By any account, the Australian Government’s trade agenda (both bi-lateral and through the TPP process) has been aggressive and fast moving.
The challenges for both government agencies (principally the Department of Foreign Affairs and Trade - DFAT) and industry and commerce (represented by a whole raft of industry groups) in servicing this agenda are considerable.
In essence, as a low tariff economy, the negotiations and consultations with most industry sectors have not been concentrating on the quantum of foregone tariffs, but rather on negotiating the best deal that can be achieved in addressing non-tariff barriers.
The scope of non-tariff barriers are extensive and in some cases the issues are complex.
These barriers include the following
- Technical standards
- Certification procedures
- Technical regulations
- Customs rules, including rules of origin and product classifications
- Environmental regulations
- Lack of regulatory due process
- Industry subsidies
Moreover, negotiations relating to intellectual property protection and counterfeiting remain an important part of finalising particularly any multi-lateral agreements.
Over the past 15 years, Australian manufacturers have been prepared to see the reduction of tariffs in bilateral arrangements on the basis that market access is achieved on both sides – i.e. a mutually acceptable free and fair arrangement. Defining the boundaries of what is fair and commercially beneficial forms the basis of the negotiation process between the two sides. The Australian negotiators do need to be able to point to specific and verifiable instances of non-tariff barriers in the commercial areas of other countries and then be able to press for changes within a framework that is guided by the commercial needs of Australian industry.

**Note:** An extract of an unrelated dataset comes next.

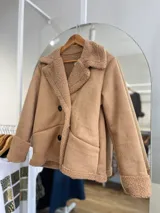 Chaqueta negra con forro tipo corderito, doble botonadura y cuello solapa.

A free trade agreement invariably results in a range of outcomes for both winners and losers. In Australia, evidence does suggest that the winners include primary industry (i.e. agriculture and mining) which gain access to new markets mainly through the reduction of tariffs and the services sector which benefit primarily from the easing of non-tariff barriers to trade. Without any shadow of doubt, the losers have been the manufacturing industry particularly the TCF, automotive, steel, electrical and electronics, furniture and hardware manufacturing sectors. As a result the contribution of the manufacturing to national GDP is likely to fall below 5% over the next 12 months as the three major auto OEMs and many of the tiered supplier companies close down. Consequentially the Australian manufacturing industry has never believed that the Government's FTA program has been fair.
Meanwhile in the USA, President Trump in his new 'America First' trade development policy is signalling full support for 'free and fair' bi-lateral agreements. In Trump's world, successful outcomes are predicated on the 'winner (read the USA) takes all' philosophy. No room for losers in the USA! No doubt from Trump's perspective, if companies want to do business in the USA, they will need to comply with US rules. In this context, it can be reasonably expected that the current industry protection legislation, the Buy American Act, will be strengthened to include industry sectors beyond just the transportation (highways and bridges) areas of industry. Other industry protection inspired measures will no doubt emerge if Trump can over-ride likely objections from the GOP.
We can only wait and see if the rest of the world is prepared to accept Trump's interpretation of what 'free and fair' trade really means. The challenge for the Australian Government is whether or not it is prepared to withstand increasing calls from the Opposition and cross bench parties echoing the Trump mantra, even though Australians may have a different idea of what 'free and fair' trade actually means. Notwithstanding the politics of all of this, the Australian Government (and industry) needs to devote far more resources to addressing the challenges of non-tariff barriers to trade, irrespective of whether TPP gets up or not!